Data Structures

Hash Tables

The workhorse of constant-time lookups. How a simple function turns keys into addresses, what happens when two keys collide, and the clever variants powering everything from Python dicts to distributed caches.

01 / Fundamentals

What Is a Hash Table?

A hash table stores key-value pairs by computing a hash function on the key to produce an index into an array of buckets. The value is stored at that index. Because computing the hash and indexing into an array are both O(1) operations, the average-case time for insert, lookup, and delete is O(1).

Hash mapping: key to bucket
key: "alice"
-->
hash("alice") = 4829
-->
4829 % 8 = 5
-->
bucket[5]
0---
1"bob": 42
2---
3"dave": 7
4---
5"alice": 99
6---
7"eve": 13
Key Insight
Worst-case lookup degrades to O(n) when many keys collide into the same bucket. The quality of the hash function and collision-resolution strategy determine how often this happens in practice.

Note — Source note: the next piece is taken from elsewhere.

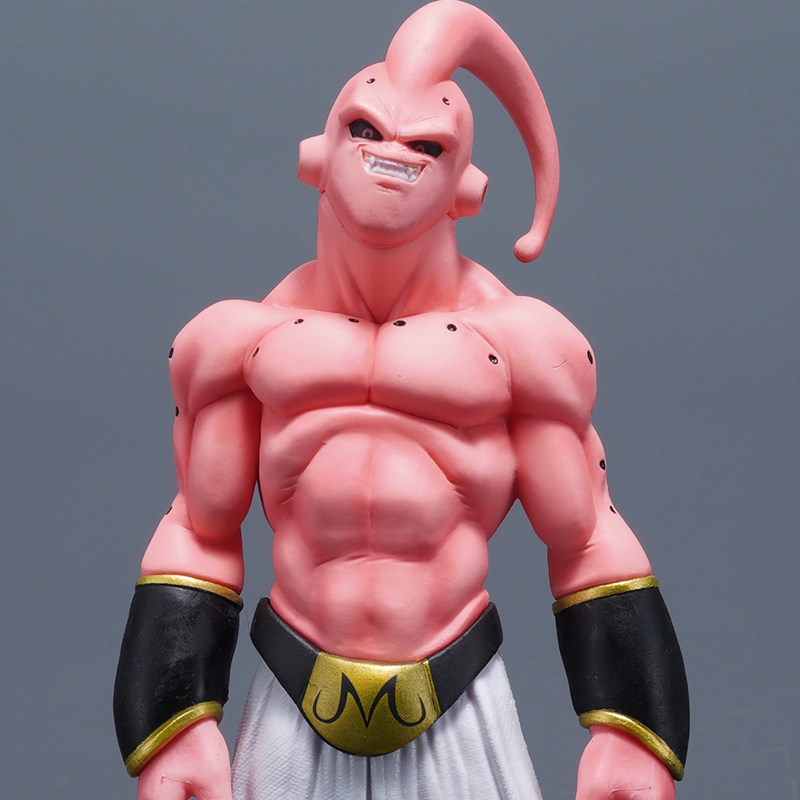 Dragon Ball Majin Buu Action F - đánh giá và giá Action Figure Stand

The three components of every hash table: (1) a hash function that maps keys to integers, (2) a compression function (usually modulo) that maps those integers to valid bucket indices, and (3) a collision-resolution strategy for when two keys land in the same bucket.

02 / Hash Functions

Designing Good Hash Functions

A good hash function has two properties: uniformity (each bucket is equally likely) and the avalanche effect (a small change in input flips roughly half the output bits). Without these, clustering causes collisions that destroy O(1) performance.

Division Method

h(k) = k mod m where m is the table size. Simple and fast. Works best when m is a prime not close to a power of 2, since patterns in keys tend to align with powers of 2.

Multiplication Method

h(k) = floor(m * (k * A mod 1)) where A is an irrational constant (Knuth suggests A = (sqrt(5) - 1) / 2). Less sensitive to the choice of m than the division method, so the table size can be any power of 2 for fast masking.

Universal Hashing

Pick the hash function randomly from a family at startup: h(k) = ((a*k + b) mod p) mod m, where p is a large prime and a, b are random. This guarantees that no adversary can choose pathological inputs, giving O(1) expected time regardless of key distribution.

Watch Out
Never use a simple identity hash (h(k) = k) in production. Sequential integer keys produce sequential bucket indices, causing worst-case clustering with linear probing.
03 / Collision Resolution

Chaining vs Open Addressing

When two keys hash to the same bucket, the table needs a strategy. The two families are chaining (store a linked list per bucket) and open addressing (find another empty slot in the array itself).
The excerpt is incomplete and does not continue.